CEO 76-182 -- October 25, 1976
VOTING CONFLICT OF INTEREST
CITY COUNCILMAN VOTING TO TAKE SPOUSE TO CONVENTION AT PUBLIC EXPENSE
To: Jack Block, Mayor, South Miami
As Florida Statute s. 112.3143(1975) provides that no public officer may be prohibited from voting in his official capacity on any matter, no prohibited conflict of interest is created where a city councilman votes on whether the city may spend public funds to enable him to take his spouse to a convention. That provision further states, however, that a public officer who votes upon a measure in which he has a personal, private, or professional interest which inures to his private gain or to that of a principal by whom he is retained is required to file a memorandum of voting conflict. As a vote to authorize expenditure of public funds to pay a spouse's travel expenses is one in which the voting officer has a private interest which inures to his gain, he must file said memorandum should he choose to vote on the matter.
It is further noted that the Ethics Commission lacks jurisdiction to advise as to the possible applicability of Florida Statute s. 112.061 to the provisions of the municipal ordinance allowing the expenditure of public funds for travel expenses of an officer's spouse.
1. May I, as a voting member of the city council, vote on whether the city may spend public funds to enable me to take my spouse to a convention?
2. Would the situation described in question 1 above constitute a voting conflict of interest requiring disclosure?
Question 1 is answered in the affirmative.
Your letter of inquiry advises us that you wish to vote on whether your spouse may accompany you to a convention at public expense. Your city previously has adopted a resolution which you interpret as requiring the consent of the city council for expenditure of public funds on your spouse's travel expenses.

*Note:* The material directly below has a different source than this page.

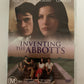 Inventing The Abbotts (DVD, 1997) Joaquin Phoenix, Liv Tyler. Region 4&2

Please find enclosed a copy of a previous opinion of this commission, CEO 76-62, the response to question 1 of which is equally applicable to your inquiry.
Question 2 is answered in the affirmative.
Relative to voting conflicts, the Code of Ethics provides as follows:
No public officer shall be prohibited from voting in his official capacity on any matter. However, any public officer voting in his official capacity upon any measure in which he has a personal, private, or professional interest and which inures to his special private gain or the special gain of any principal by whom he is retained shall, within 15 days after the vote occurs, disclose the nature of his interest as a public record in a memorandum filed with the person responsible for recording the minutes of the meeting, who shall incorporate the memorandum in the minutes. [Fla. Stat. s. 112.3143(1975).]
A vote to authorize expenditure of public funds to pay your spouse's travel expenses is one in which you have a private interest which inures to your private gain. Therefore, should you elect to vote on the question, you would be required to file a Memorandum of Voting Conflict, CE Form 4, a copy of which is enclosed, with the person recording the minutes of the meeting at which the vote occurred. Should you choose to abstain from voting, no disclosure is required.
This commission lacks jurisdiction to advise you as to the possible applicability of Florida Statute s. 112.061 to the provisions of the subject ordinance.